The short answer is -- they dont. Think power (watts = volts x current). The explanation below is greatly simplified, but illustrates the problem.

It is possible to build up a very large static charge, using long wires or parallel surfaces. That much is right. The problem is that the static charge is a substantial voltage -- but with very little current, so doesnt contain much power. Example -- a 12,000 volt static charge at 1 microamp is equal to only 0.012 watts. That isnt much power.

By the way, a static charge is what you feel when you rub your shoes across a carpet and then touch a piece of metal. Youll notice that you get an initial jolt, but then the charge is gone, and you feel nothing. Youve equalized the charge and its all over.

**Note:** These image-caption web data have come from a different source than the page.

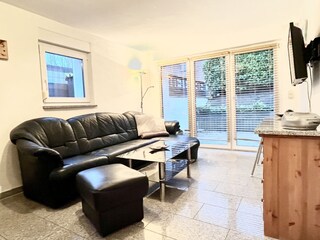 Wohnzimmer mit Blick auf die eigene Terrasse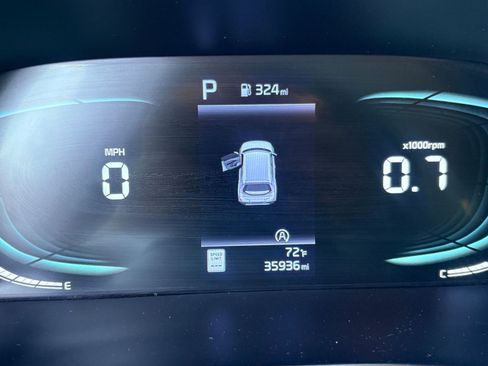 Used 2025 Kia Soul LX w/ LX Technology Package FWD image 38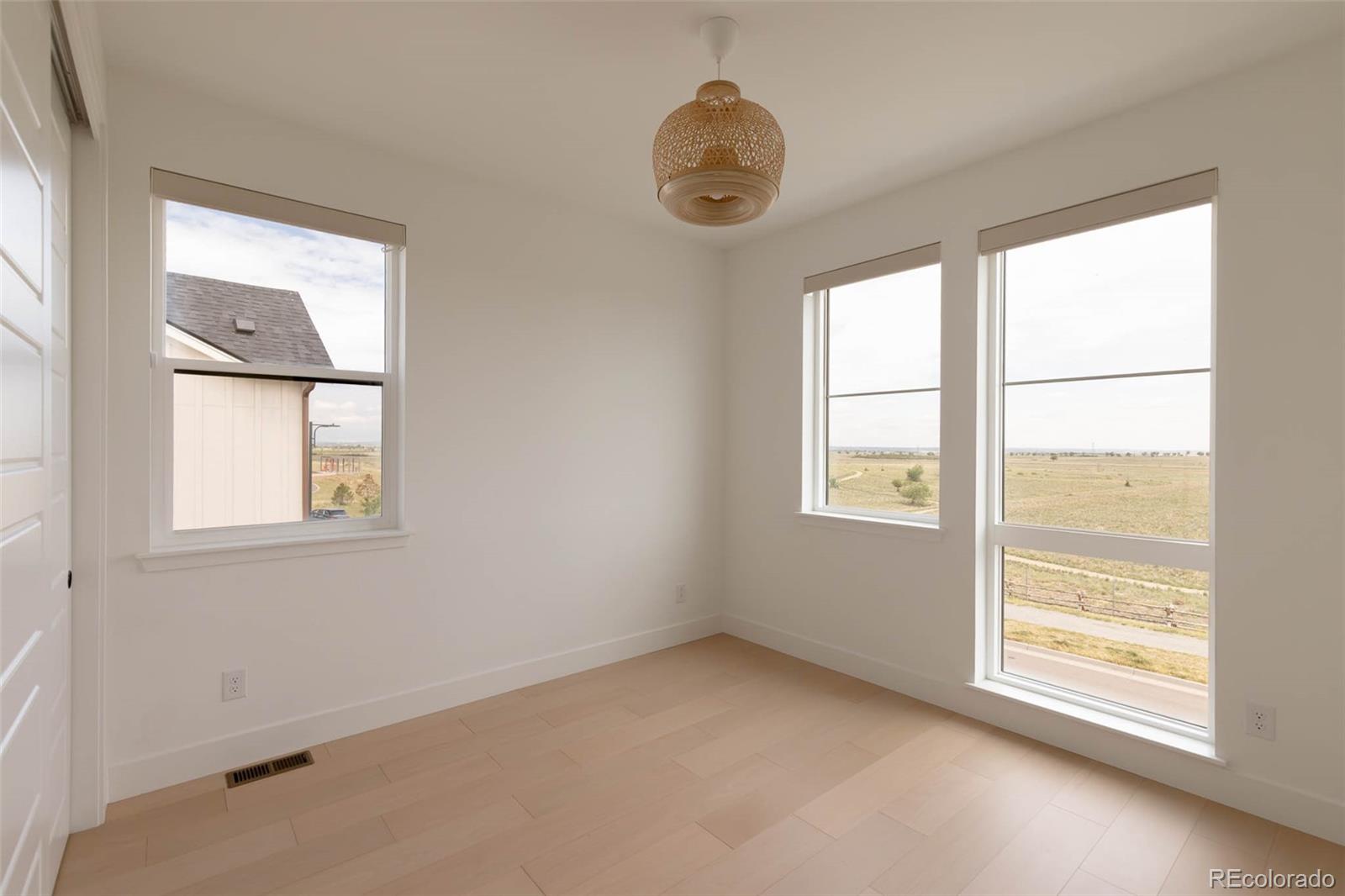 MLS Image #33 for 9968 e 63rd drive,denver, Colorado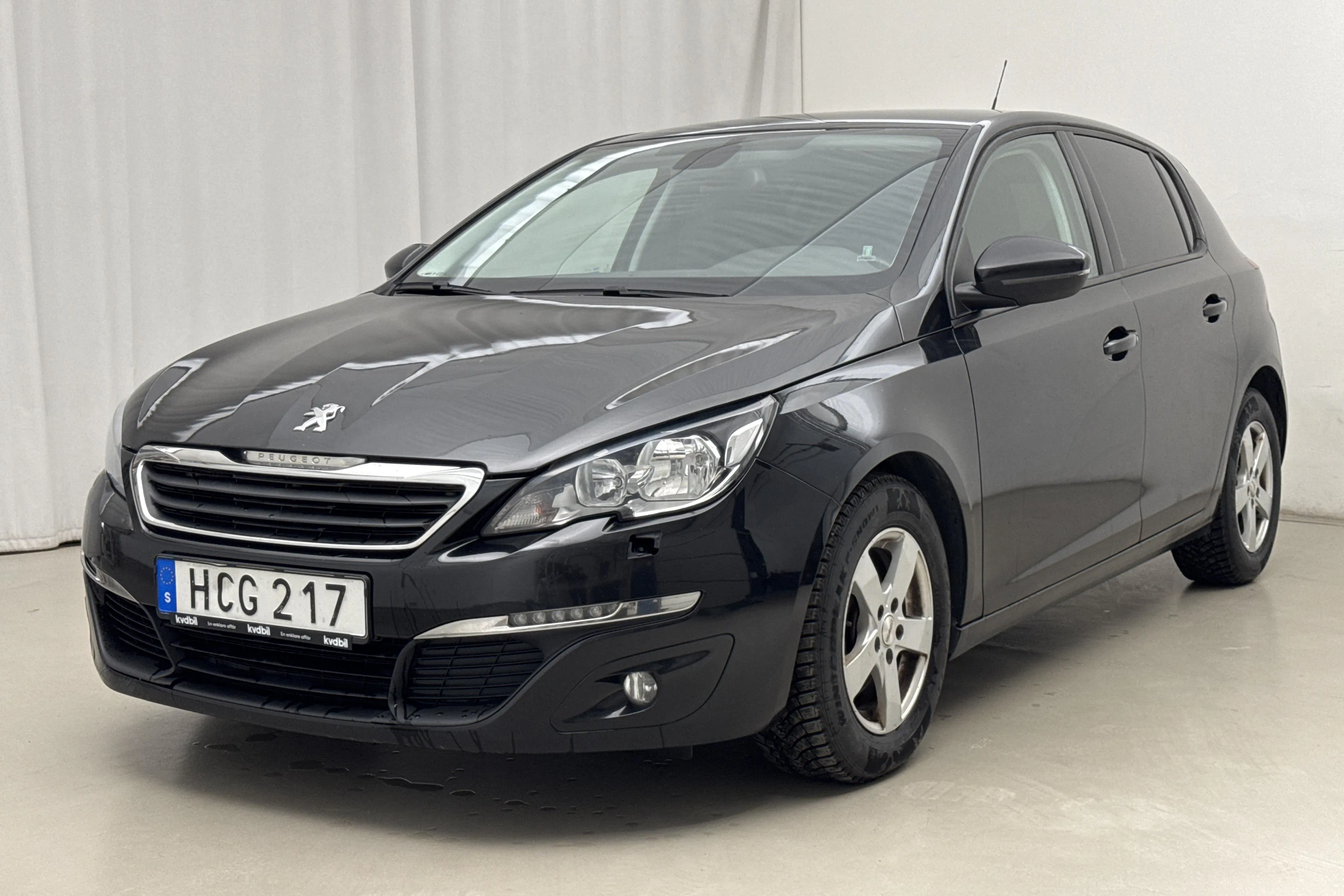 Presentationsfoto 1 av 14: Peugeot 308 BlueHDi 5dr (120hk) - 18 791 mil - Automat - svart - 2017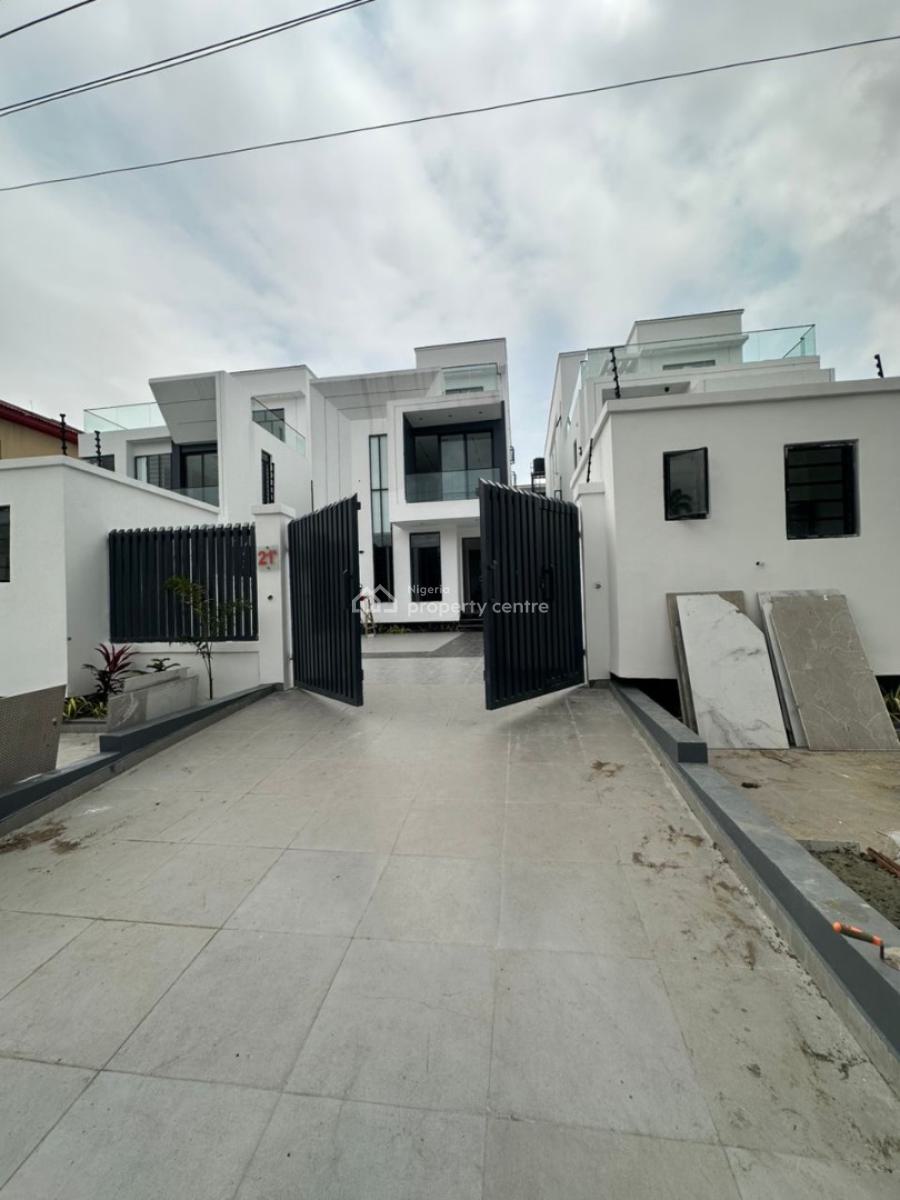 5 Bedroom Duplex with a Pool and Cinema, Lekki Phase 1, Lekki, Lagos, Detached Duplex for Sale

On the flip side, batteries usually put out substantial current, at relatively low voltage, but they must be charged over a long period of time in order to receive the power they need. For instance, a 12 volt battery might want to get charged at 10 amps for several hours. That is equal to 120 watts, for every hour that charging is needed.

The two are incompatible.

Another way of looking at it is that the static voltage is built up on a high impedance source which is then asked to charge a low impedance load. The most efficient energy transfer occurs when the source and load impedances are equal.

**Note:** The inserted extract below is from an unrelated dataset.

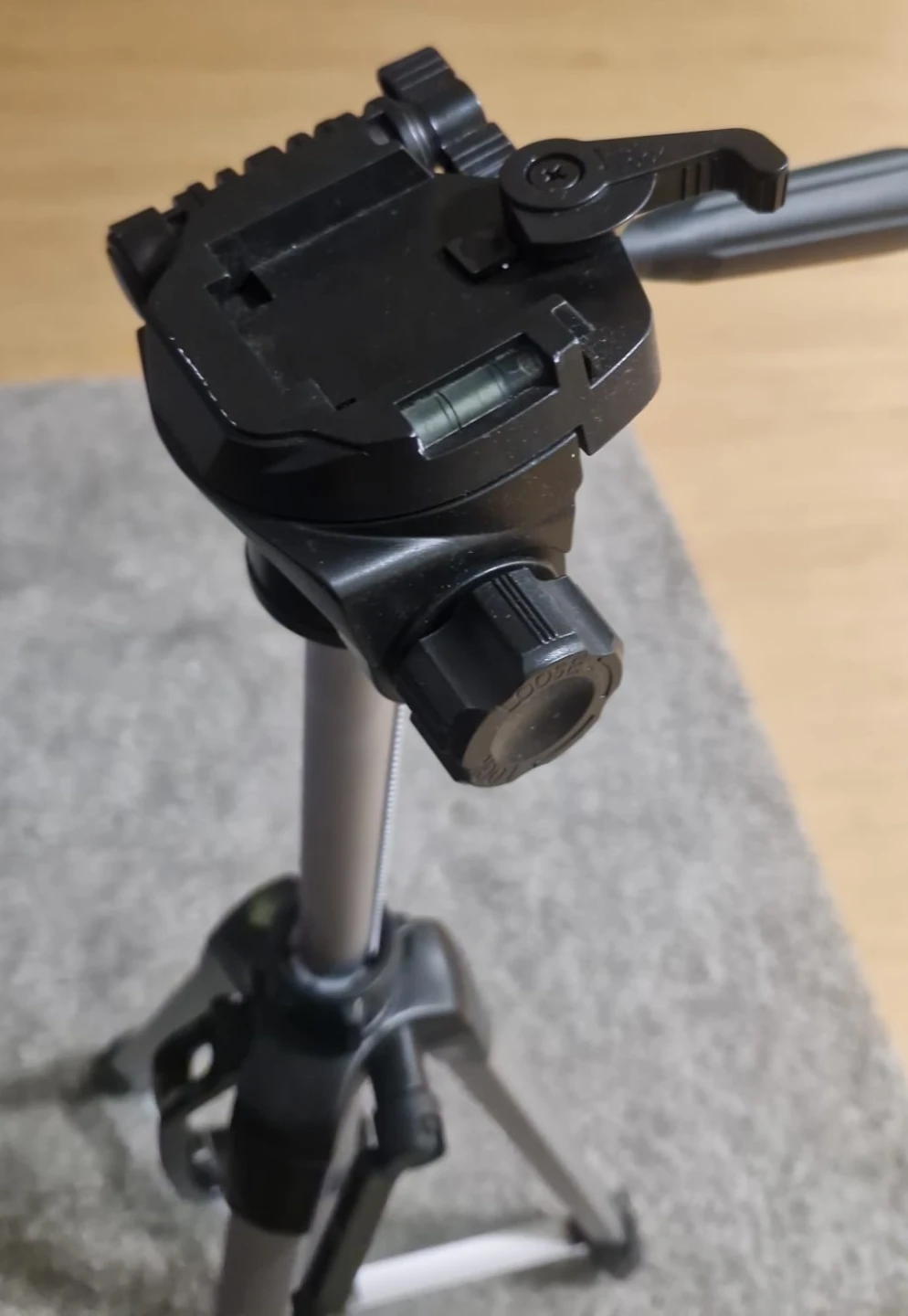 AmazonBasics 60-Inch Lightweight Tripod. - photo 2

-- de (delewis@inetone.net), July 03, 1999.


de,

Thankyou!

-- Steve (bibleout@tds.net), July 03, 1999.


NASA tried one on the shuttle a few years back. It was ten miles long and generated a whopping twenty-eight or so volts. Looks good in theory and on the drawing board, but real world applications currently leave a lot of design gaps left to fill-in.

WW

-- Wildweasel (vtmldm@epix.net), July 03, 1999.


Wildweasel; Wasn't the NASA project a dud because it was in a vaccum and no air was across the wire ??? Besides how do you inflate a ballon in a vaccum, unless you use magnetic molecular memory metal. first developed in Philadelphia in 1978???

-- Furie (furieart@dnet.net), July 03, 1999.

IIRC, the NASA experiment ended when the cable delivered such an overload as to cause a catastrophic failure of the connection to the shuttle. Definintely more than a few ma.

-- Ron Schwarz (rs@clubvb.com.delete.this), July 04, 1999.


The impedence mismatch is made up for by the ignition coil which is used as a matching transformer. And though it is true that the amount of power derived from this seems small this should not persuade experimenters that the effect is not worth some exploration.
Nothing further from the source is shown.